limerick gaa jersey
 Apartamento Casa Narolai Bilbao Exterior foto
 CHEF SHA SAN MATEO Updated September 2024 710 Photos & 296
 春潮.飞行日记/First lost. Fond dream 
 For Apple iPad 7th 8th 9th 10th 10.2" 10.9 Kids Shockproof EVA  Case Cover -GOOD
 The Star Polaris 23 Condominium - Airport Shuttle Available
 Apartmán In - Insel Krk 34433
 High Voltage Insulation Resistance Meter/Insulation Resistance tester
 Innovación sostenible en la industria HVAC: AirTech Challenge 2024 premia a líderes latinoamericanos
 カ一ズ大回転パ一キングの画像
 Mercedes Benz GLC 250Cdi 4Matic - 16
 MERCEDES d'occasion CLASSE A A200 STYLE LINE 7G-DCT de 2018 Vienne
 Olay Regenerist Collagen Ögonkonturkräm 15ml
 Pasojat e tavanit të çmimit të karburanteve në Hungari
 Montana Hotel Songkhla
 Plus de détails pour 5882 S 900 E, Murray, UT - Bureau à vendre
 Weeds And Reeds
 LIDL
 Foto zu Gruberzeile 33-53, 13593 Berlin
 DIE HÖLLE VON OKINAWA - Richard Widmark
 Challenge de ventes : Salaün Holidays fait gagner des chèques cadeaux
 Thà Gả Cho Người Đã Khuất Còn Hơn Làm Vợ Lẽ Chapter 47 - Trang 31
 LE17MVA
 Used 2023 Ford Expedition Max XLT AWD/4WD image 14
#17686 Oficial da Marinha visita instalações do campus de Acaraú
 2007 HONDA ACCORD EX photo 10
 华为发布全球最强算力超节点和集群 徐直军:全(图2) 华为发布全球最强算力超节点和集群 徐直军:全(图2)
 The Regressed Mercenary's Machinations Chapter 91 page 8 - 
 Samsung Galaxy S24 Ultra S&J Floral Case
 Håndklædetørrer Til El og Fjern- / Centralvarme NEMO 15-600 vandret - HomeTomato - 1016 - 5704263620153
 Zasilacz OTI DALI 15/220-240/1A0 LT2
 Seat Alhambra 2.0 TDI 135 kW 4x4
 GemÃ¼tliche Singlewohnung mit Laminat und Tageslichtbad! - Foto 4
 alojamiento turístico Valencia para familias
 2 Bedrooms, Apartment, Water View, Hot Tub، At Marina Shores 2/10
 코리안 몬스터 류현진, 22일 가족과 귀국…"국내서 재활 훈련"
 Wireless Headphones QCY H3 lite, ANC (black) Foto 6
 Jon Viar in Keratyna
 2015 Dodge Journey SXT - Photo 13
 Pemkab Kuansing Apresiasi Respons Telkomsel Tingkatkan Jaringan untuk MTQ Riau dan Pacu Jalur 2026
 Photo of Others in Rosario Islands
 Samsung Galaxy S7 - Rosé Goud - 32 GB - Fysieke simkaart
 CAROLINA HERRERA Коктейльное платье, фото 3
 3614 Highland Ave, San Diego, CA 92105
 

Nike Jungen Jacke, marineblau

## Your task
Provide every line from the material that contains the word "Case".

## Response to the task
 For Apple iPad 7th 8th 9th 10th 10.2" 10.9 Kids Shockproof EVA  Case Cover -GOOD
 Samsung Galaxy S24 Ultra S&J Floral Case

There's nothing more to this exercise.